The answer is the data below, repeated exactly, with no pictures included.

-- AVAILABLE DATA follows --

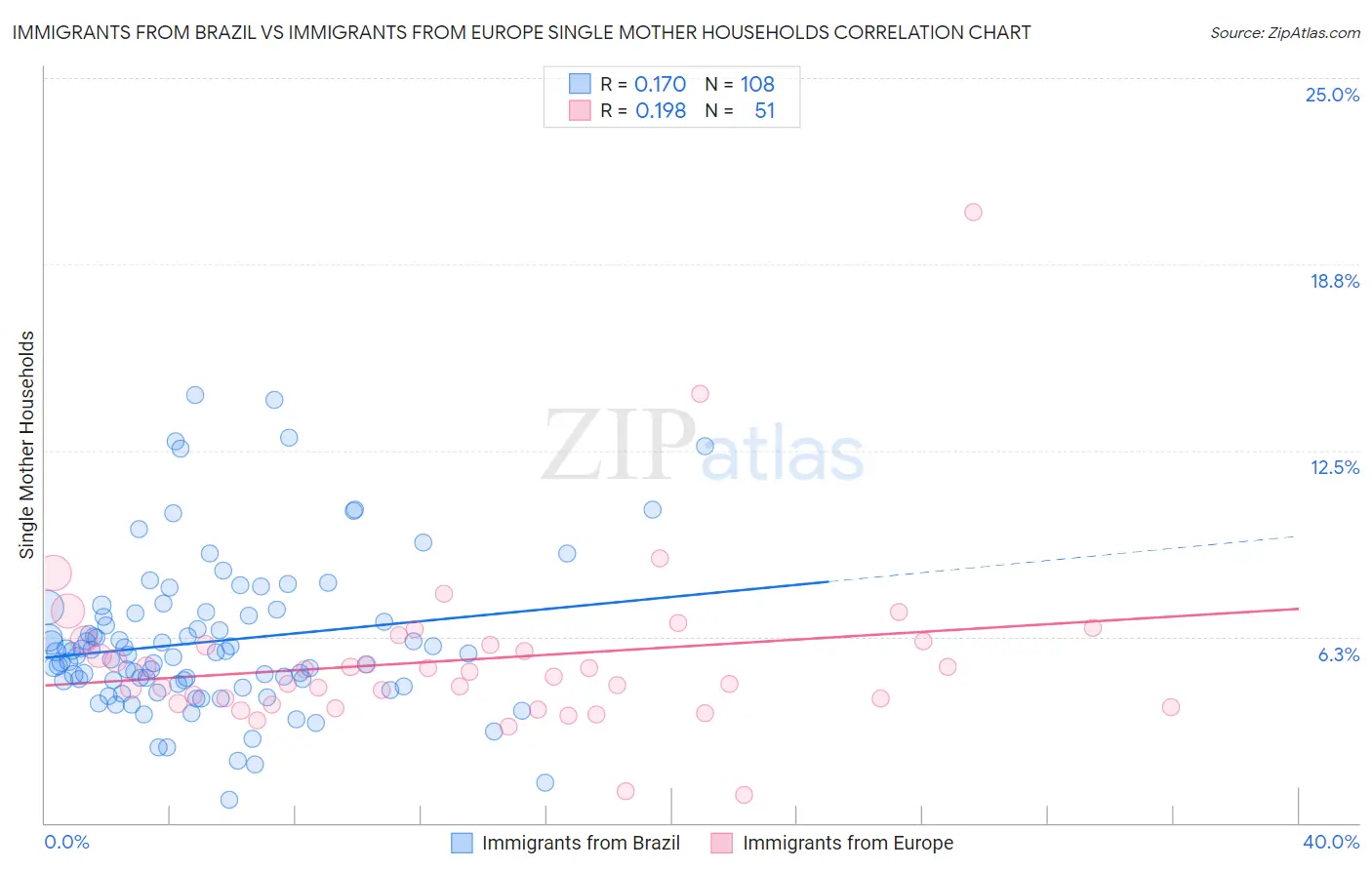 Immigrants from Brazil vs Immigrants from Europe Single Mother Households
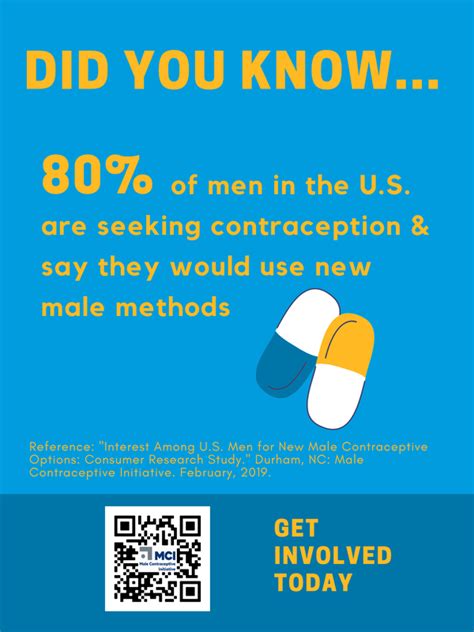 Infographics Male Contraceptive Initiative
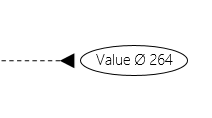 Value Line with Ellipse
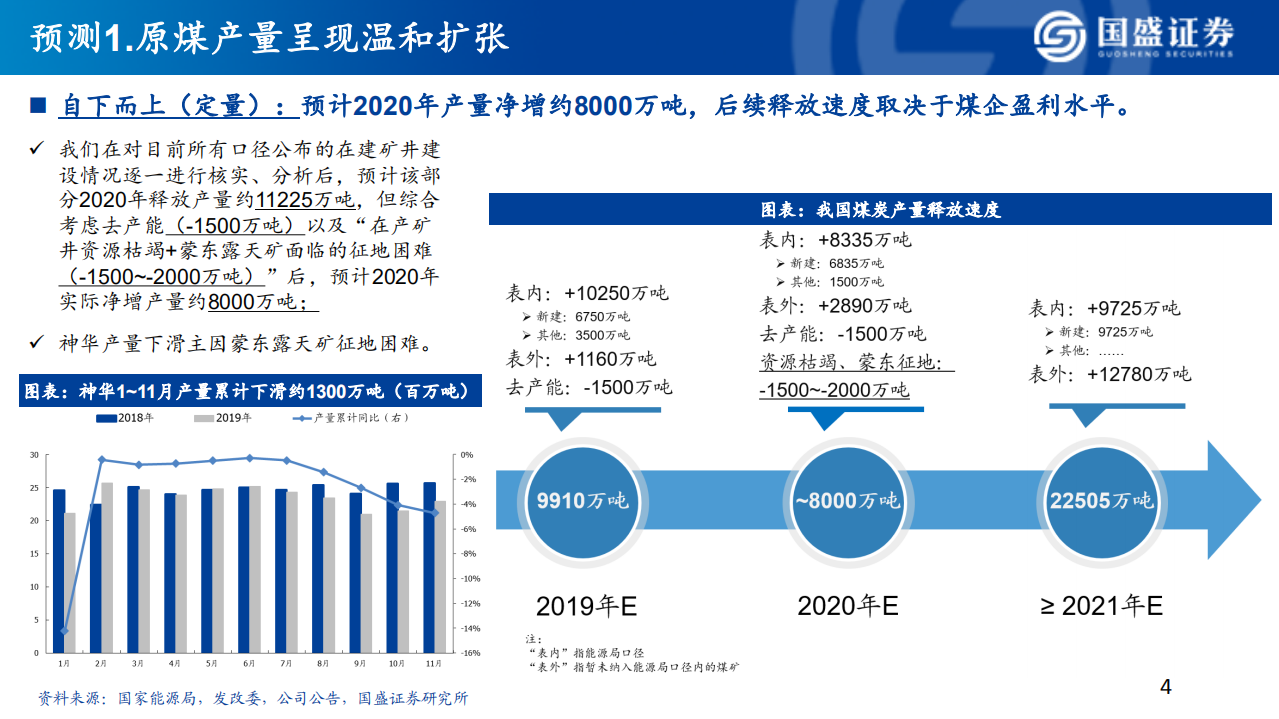 煤炭行业：2020年煤炭行业十大预测-200106.pdf 第4页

-- AVAILABLE DATA concluded --

◆ **THE COMPLETED TASK**
 Immigrants from Brazil vs Immigrants from Europe Single Mother Households
 Infographics Male Contraceptive Initiative
 Value Line with Ellipse
 煤炭行业：2020年煤炭行业十大预测-200106.pdf 第4页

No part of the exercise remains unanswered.